PROBLEM DESCRIPTION ▸ Output all entries exactly as they appear and skip the pictures.
═══
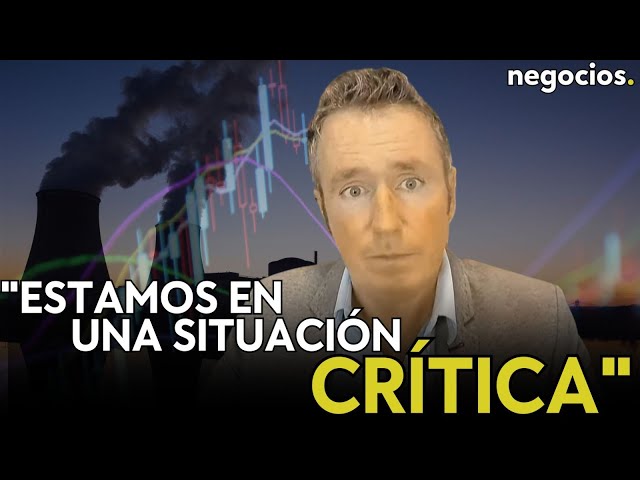 "Estamos en una situación crítica y los mercados no se enteran: vamos a un conflicto nuclear"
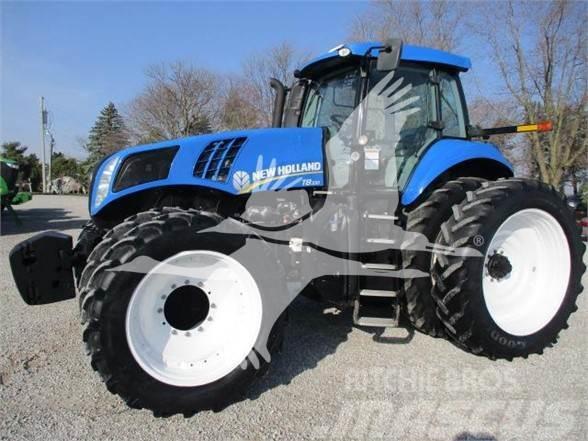 New Holland T8.330 Traktori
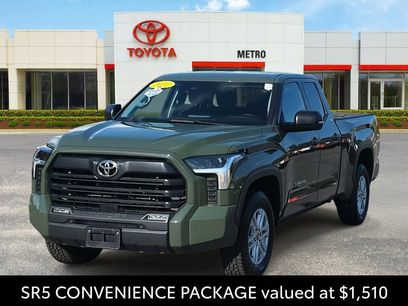Used 2022 Toyota Tundra SR5 w/ SR5 Convenience Package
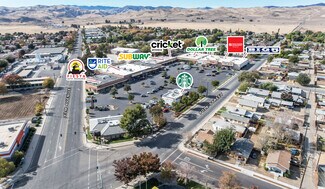 Plus de détails pour 101-203 W Polk St, Coalinga, CA - Local commercial à louer
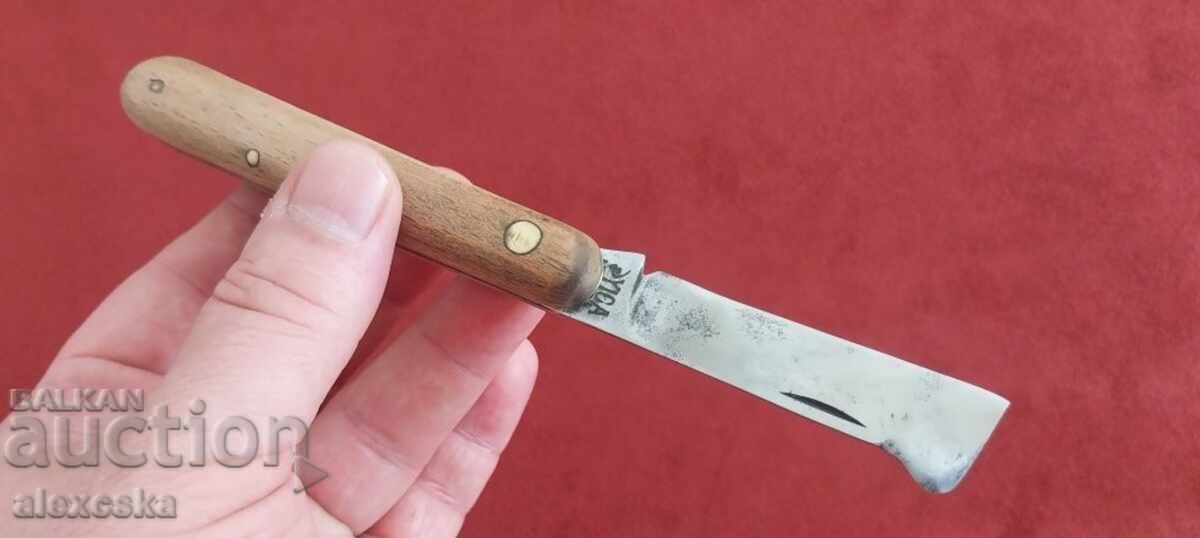 Auction  Fruit knife - "Hammer and Sickle"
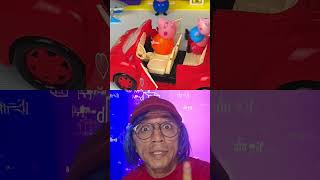 Peppa Pig em Ação! 😁 #Toys #ASMR #satisfying #unboxing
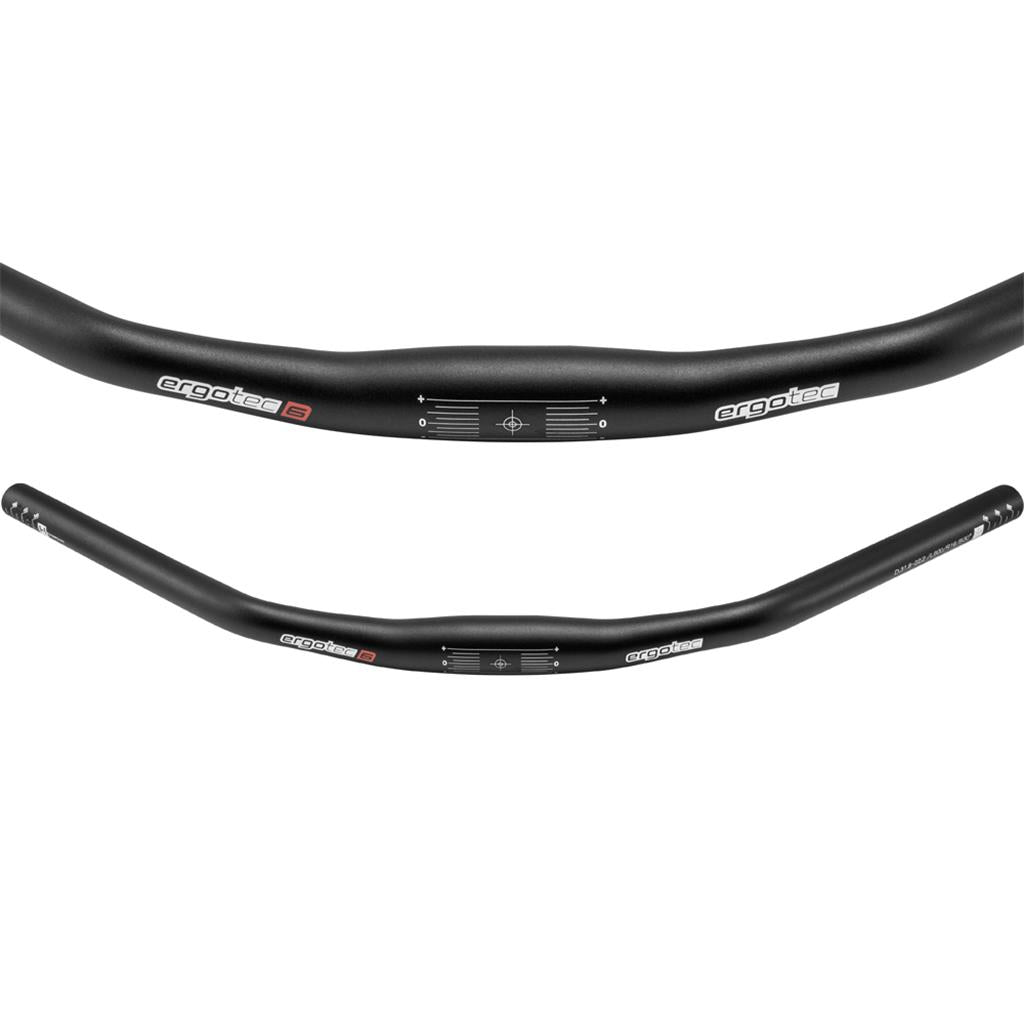 LenkerMTB Ergotec Lenker Lady TownLevel 6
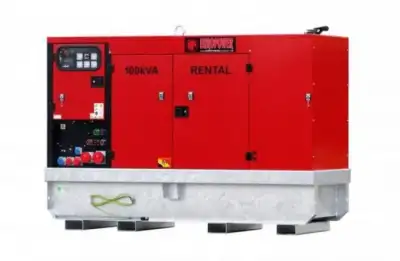 Europower EPSR100TDE-3A (MA)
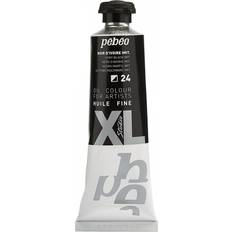 Schwarz Ölfarben Pebeo Fine Studio XL Oil Ivory Black Hue 37ml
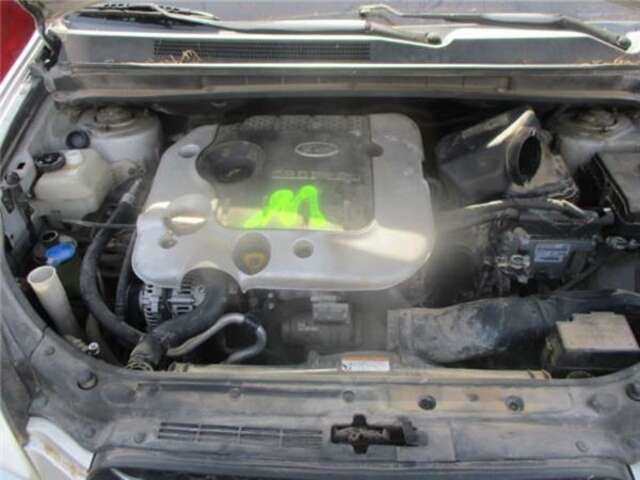 Foto 3ª: Transmision Delantera Izquierda Kia Carens 2.0 CRDI [D4EA]
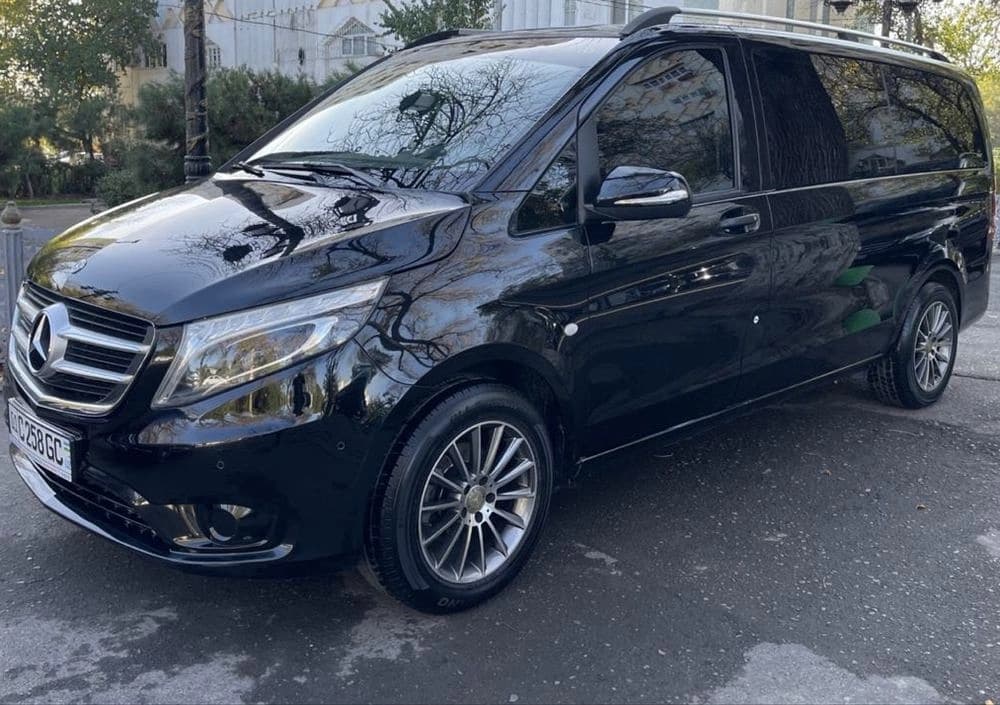 Mercedes-Benz Vito 2017 — 3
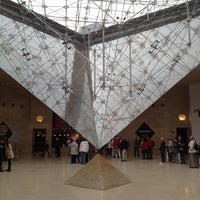 Photo taken at Carrousel du Louvre by Nikolay on 5/6/2013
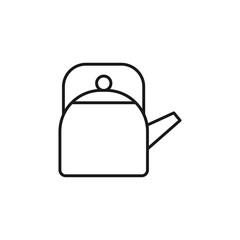 Kettle icon. Teapot symbol modern, simple, vector, icon for website design, mobile app, ui. Vector Illustration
═══
TASK SOLUTION ▸
 "Estamos en una situación crítica y los mercados no se enteran: vamos a un conflicto nuclear"
 New Holland T8.330 Traktori
Used 2022 Toyota Tundra SR5 w/ SR5 Convenience Package
 Plus de détails pour 101-203 W Polk St, Coalinga, CA - Local commercial à louer
 Auction  Fruit knife - "Hammer and Sickle"
 Peppa Pig em Ação! 😁 #Toys #ASMR #satisfying #unboxing
 LenkerMTB Ergotec Lenker Lady TownLevel 6
 Europower EPSR100TDE-3A (MA)
 Schwarz Ölfarben Pebeo Fine Studio XL Oil Ivory Black Hue 37ml
 Foto 3ª: Transmision Delantera Izquierda Kia Carens 2.0 CRDI [D4EA]
 Mercedes-Benz Vito 2017 — 3
 Photo taken at Carrousel du Louvre by Nikolay on 5/6/2013
 Kettle icon. Teapot symbol modern, simple, vector, icon for website design, mobile app, ui. Vector Illustration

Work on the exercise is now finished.